=== TASK INSTRUCTIONS ===
Each entry must be given again exactly; images do not belong in the copy.

=== DATASET RECORDS ===
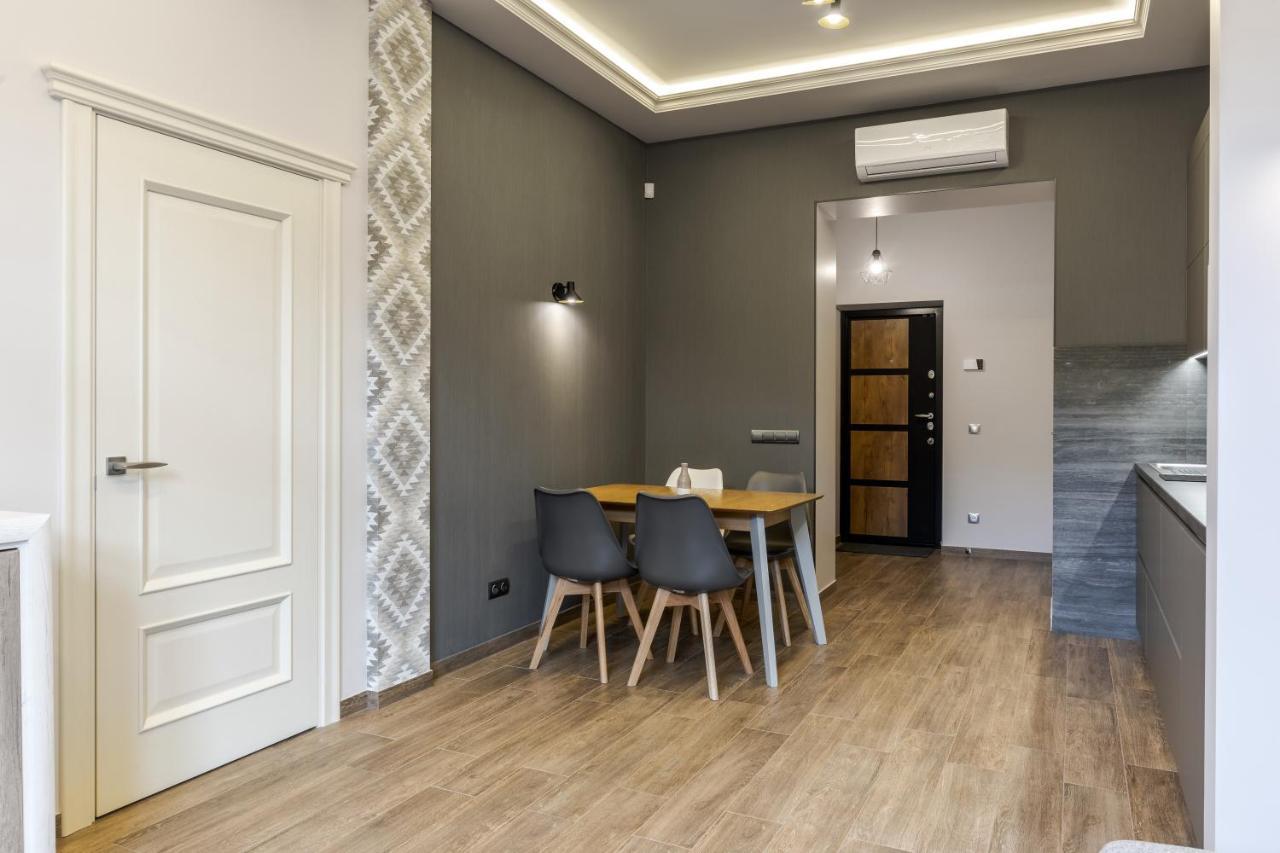Inshiapartments On Kovzhuna Str إلفيف المظهر الخارجي الصورة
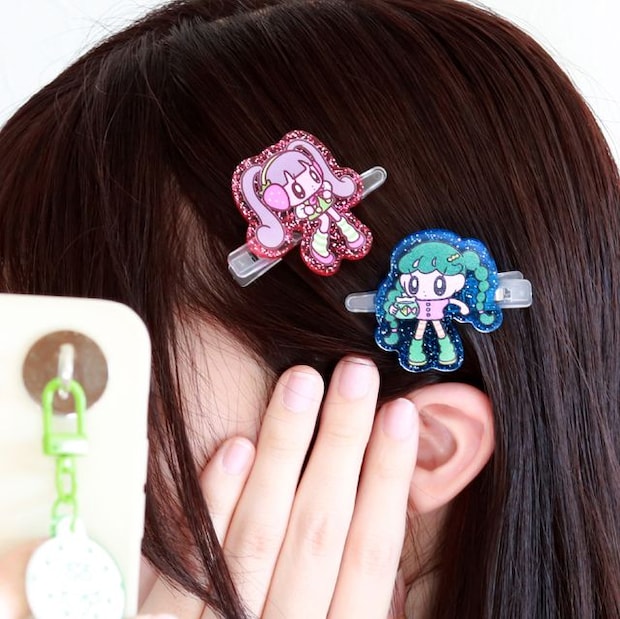 グリッターヘアピン 1,650円(税込)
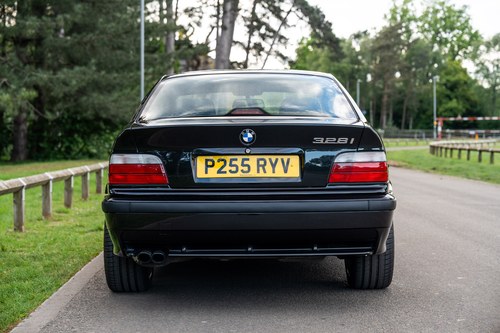 1997 BMW 328i M Sport Coupé E36 Te koop (foto 17 van 216)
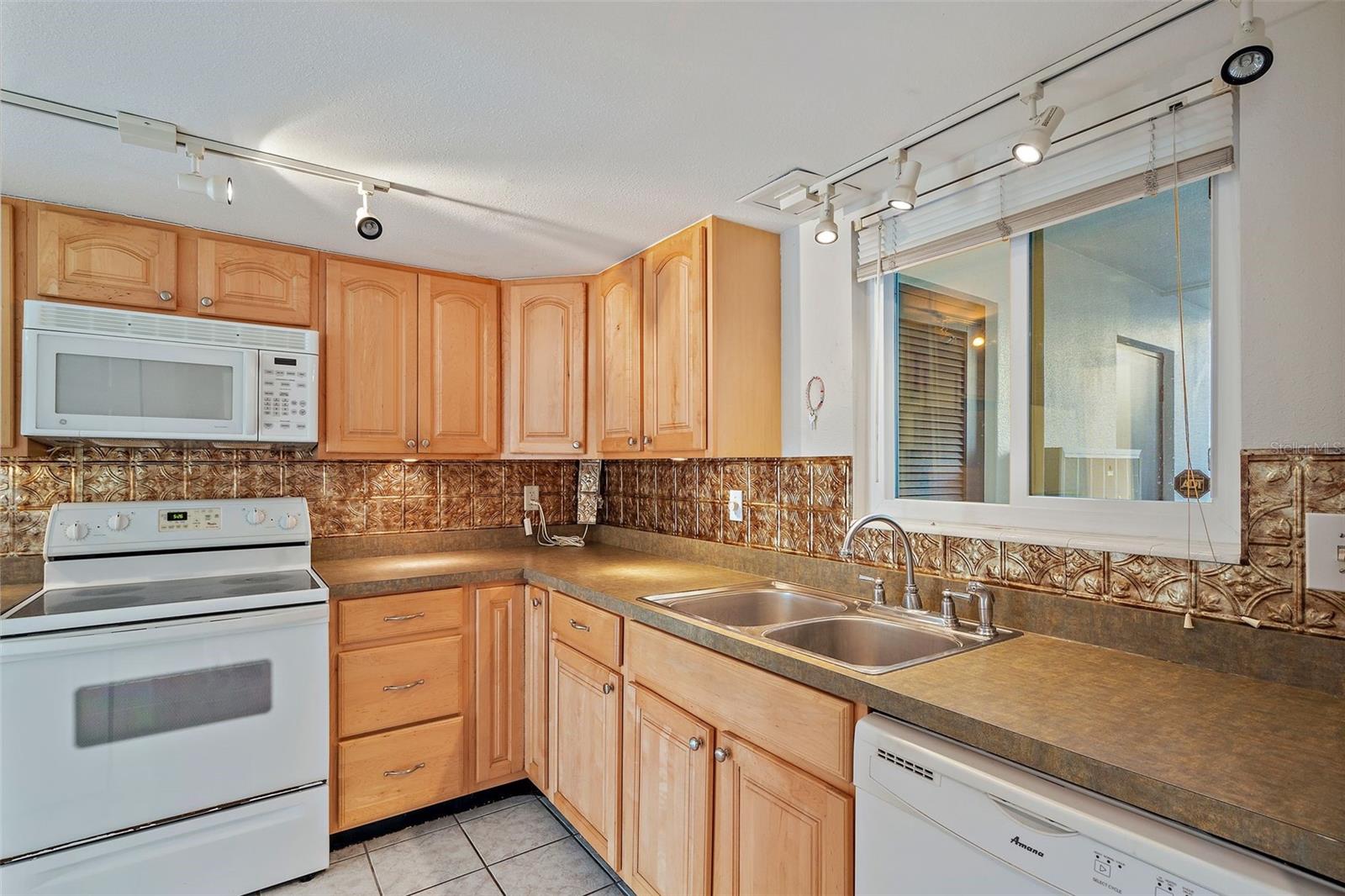 Image 5 of 22 For 2944 Bay Drive 101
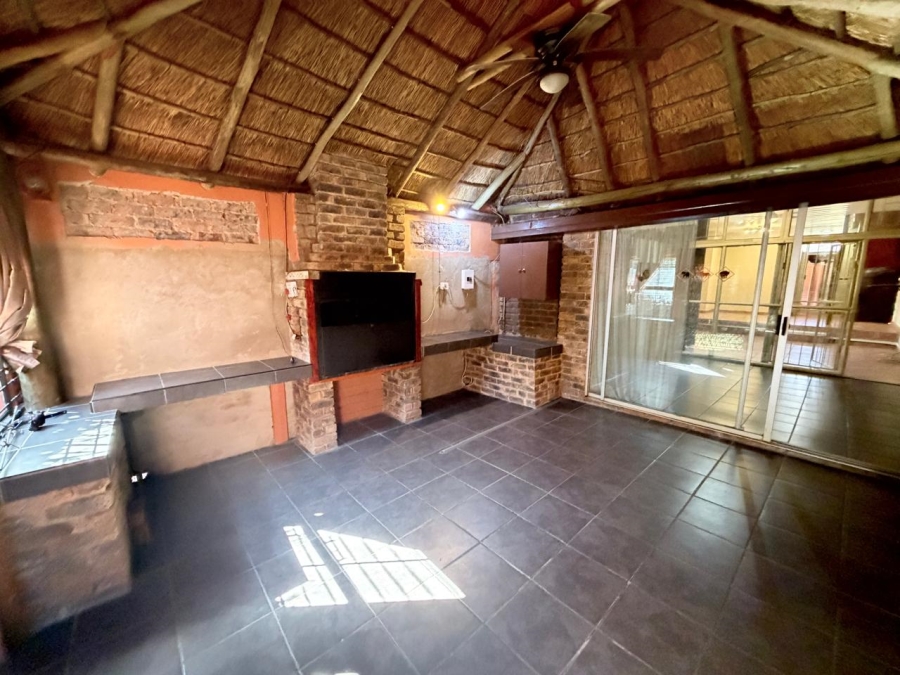 3 Bedroom Property for Sale in Clubview Gauteng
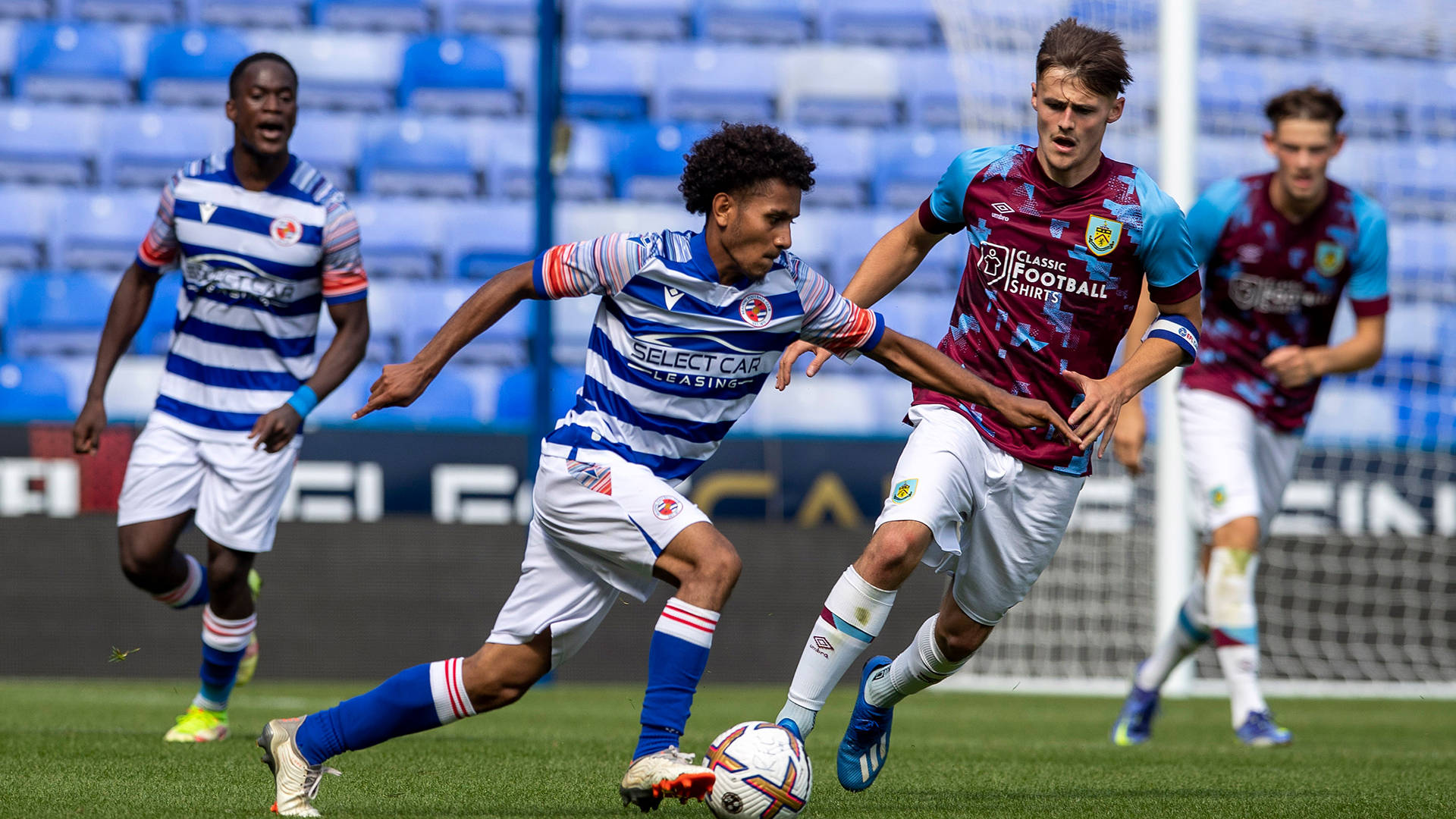 10.8竞彩推荐：雷丁  哈德斯菲尔德 2串1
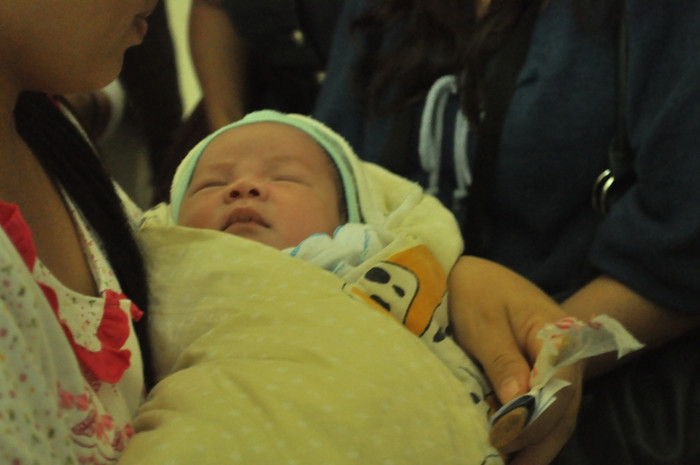 Cháu Hà vẫn ngủ ngon trên tay mẹ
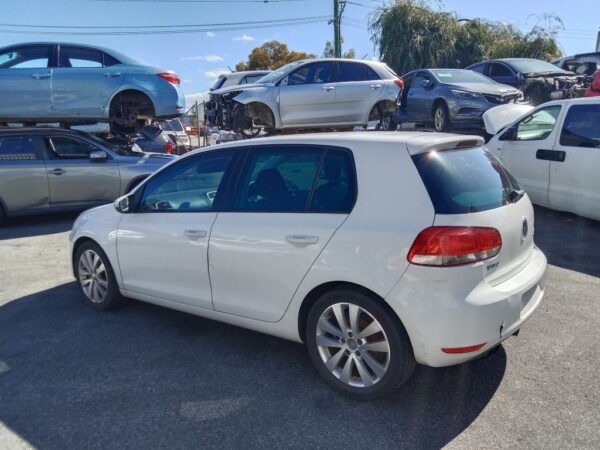P5200 - Volkswagen golf TSI 2009 White Wrecking - Image 14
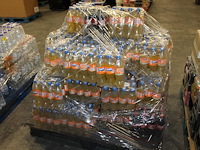 Fanta flessen op pallet. tht 5-25. totaal ca. 500 flessen. bod is inclusief 75 euro statiegeldwaarde - afbeelding 2 van  2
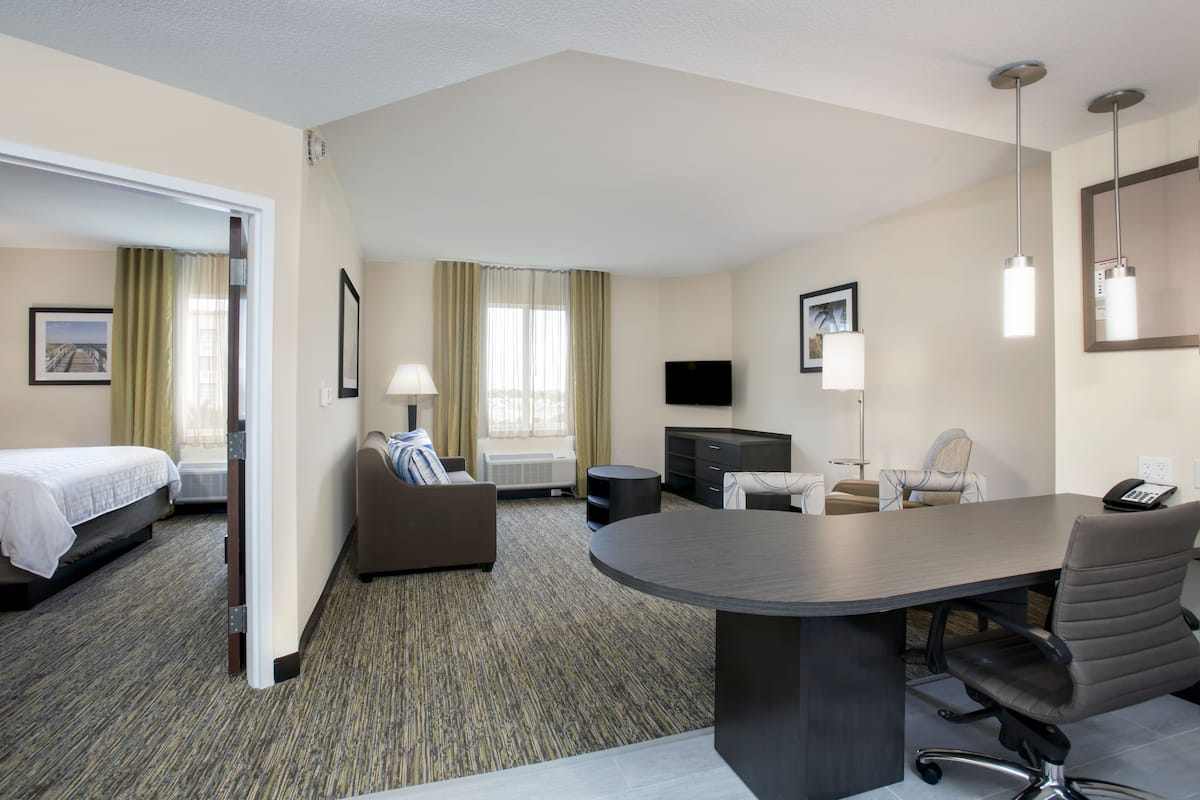 Suite, 1 Schlafzimmer | 1 Schlafzimmer, Bettwäsche aus ägyptischer Baumwolle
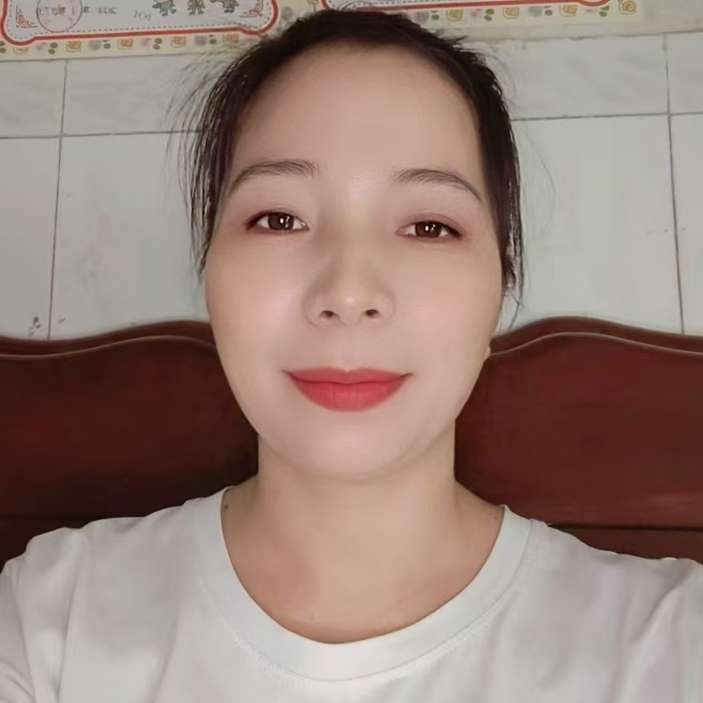 阡陌红尘的照片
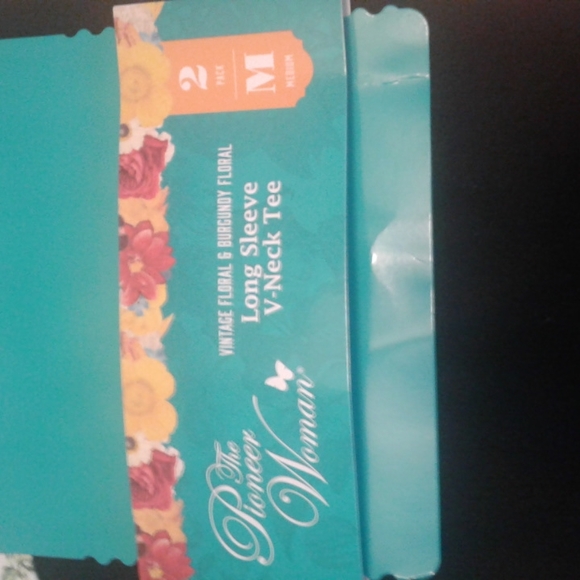 2 NEW PIONEER WOMAN V-NECK TEES SHIRTS - Picture 4 of 6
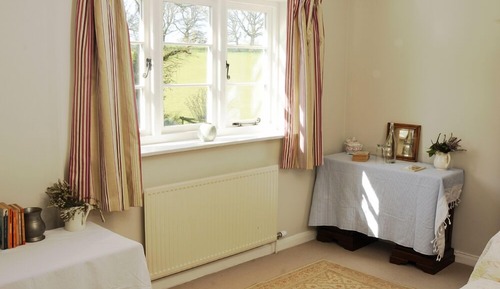 Double Room, 1 King Bed
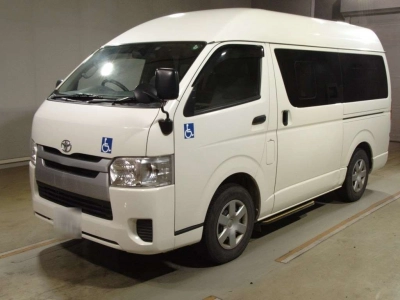 TOYOTA REGIUS VAN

=== COMPLETED TASK ===
Inshiapartments On Kovzhuna Str إلفيف المظهر الخارجي الصورة
 グリッターヘアピン 1,650円(税込)
 1997 BMW 328i M Sport Coupé E36 Te koop (foto 17 van 216)
 Image 5 of 22 For 2944 Bay Drive 101
 3 Bedroom Property for Sale in Clubview Gauteng
 10.8竞彩推荐：雷丁  哈德斯菲尔德 2串1
 Cháu Hà vẫn ngủ ngon trên tay mẹ
P5200 - Volkswagen golf TSI 2009 White Wrecking - Image 14
 Fanta flessen op pallet. tht 5-25. totaal ca. 500 flessen. bod is inclusief 75 euro statiegeldwaarde - afbeelding 2 van  2
 Suite, 1 Schlafzimmer | 1 Schlafzimmer, Bettwäsche aus ägyptischer Baumwolle
 阡陌红尘的照片
 2 NEW PIONEER WOMAN V-NECK TEES SHIRTS - Picture 4 of 6
 Double Room, 1 King Bed
 TOYOTA REGIUS VAN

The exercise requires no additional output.